Hoje, é levado do Magrebe à Turquia e por toda a África francófona (muitas vezes na forma Souleymane), e Suleyman encanta pela sua nobreza e profundidade histórica. Em França, o seu dia de nome está tradicionalmente associado a São Salomão da Bretanha, a 25 de junho. Um nome próprio majestoso, carregado de sabedoria e paz.
Suleyman carrega uma aura real consigo: é a forma árabe-turca de Salomão, o rei sábio por excelência, o construtor do Templo, cujo julgamento se tornou proverbial – e o profeta venerado no Islão. No núcleo está o hebraico Shalom: a paz. «Homem da paz», portanto, mas uma paz que governa, organiza e cria justiça. Não é de estranhar que o nome próprio irradie uma autoridade serena.

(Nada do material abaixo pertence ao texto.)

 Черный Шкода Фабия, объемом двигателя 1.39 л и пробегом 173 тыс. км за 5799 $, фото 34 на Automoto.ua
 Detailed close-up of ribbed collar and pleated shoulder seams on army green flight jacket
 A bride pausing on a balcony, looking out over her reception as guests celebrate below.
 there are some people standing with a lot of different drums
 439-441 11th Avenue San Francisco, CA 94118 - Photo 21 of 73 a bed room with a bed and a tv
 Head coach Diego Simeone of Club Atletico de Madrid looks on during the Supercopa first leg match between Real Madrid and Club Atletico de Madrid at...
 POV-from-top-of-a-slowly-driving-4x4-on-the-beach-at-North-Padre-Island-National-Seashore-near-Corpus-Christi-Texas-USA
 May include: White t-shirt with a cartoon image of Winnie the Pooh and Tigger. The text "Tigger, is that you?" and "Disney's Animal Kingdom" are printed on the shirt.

O tipo Suleyman tem algo de reflexivo e soberano. Fala pouco, mas pondera as suas palavras; escuta-se. Dotado de um bom senso sólido e de um sentido de justiça, assume frequentemente no seu meio o papel de mediador, a quem se recorre «para pôr ponto final». Esta sabedoria precoce impressiona – e confere-lhe uma confiança que mantém com seriedade.
Também o legado de Solimão, o Magnífico, não está longe: sob a calma esconde-se uma ambição de longo alcance, o amor por grandes projetos, a capacidade de construir a longo prazo, em vez de brilhar apenas no momento. O Suleyman ama a estabilidade, a estrutura, as bases sólidas; a improvisação desenfreada não é o seu terreno.
Generoso e leal aos seus, pode ser reservado, até um pouco misterioso, e guarda as suas tempestades interiores para si. O seu orgulho é genuíno e não tolera bem a injustiça – a sua nem a dos outros. Uma origem transgeracional, muitas vezes mista, que os jovens Suleyman carregam um nome próprio que vai do Magrebe à Anatólia, passando por Jerusalém. Um nome de sabedoria e paz que vivem cada um à sua maneira, mas sempre com este fundamento de dignidade serena, herdado do Rei Salomão.
Retrato lúdico, para levar com um sorriso.
Suleyman, este nome que soa como uma promessa de serenidade, não corre atrás de uma fama passageira. A sua abordagem à intimidade é a de um rei sábio: paciente, contemplativo e profundamente enraizado. Não seduz pela força bruta, mas pela escuta intensa, capaz de decifrar com precisão cirúrgica o silêncio e o não dito. Para ele, o amor é um pacto de paz, uma trégua sagrada, em que as almas se acalmam mutuamente. É atraído pela profundidade, pela elegância natural e por essa inteligência emocional que transforma a paixão numa ligação duradoura. A superficialidade, os jogos de poder inúteis e a instabilidade crónica, por outro lado, cansam-no imediatamente. Foge de tempestades desnecessárias. Na procura de uma parceira que ofereça tanto ligação espiritual como física, baseia-se no respeito e na confiança absoluta. Longe dele está o tumulto; acima de tudo, procura a harmonia, aquele equilíbrio raro em que o desejo e a razão dançam juntos, sem nunca colidirem.
«Homem da paz», do hebraico Shalom; é a forma árabe-turca de Salomão.
O Rei Salomão, filho de David, modelo de sabedoria, também profeta Sulaymān no Islão.
Em França, o dia de memória está associado a São Salomão da Bretanha, a 25 de junho.
Salomão, Solomon, Souleymane, Süleyman, Sulaymān, Shlomo.
Sim, Solimão, o Magnífico, o maior sultão do Império Otomano.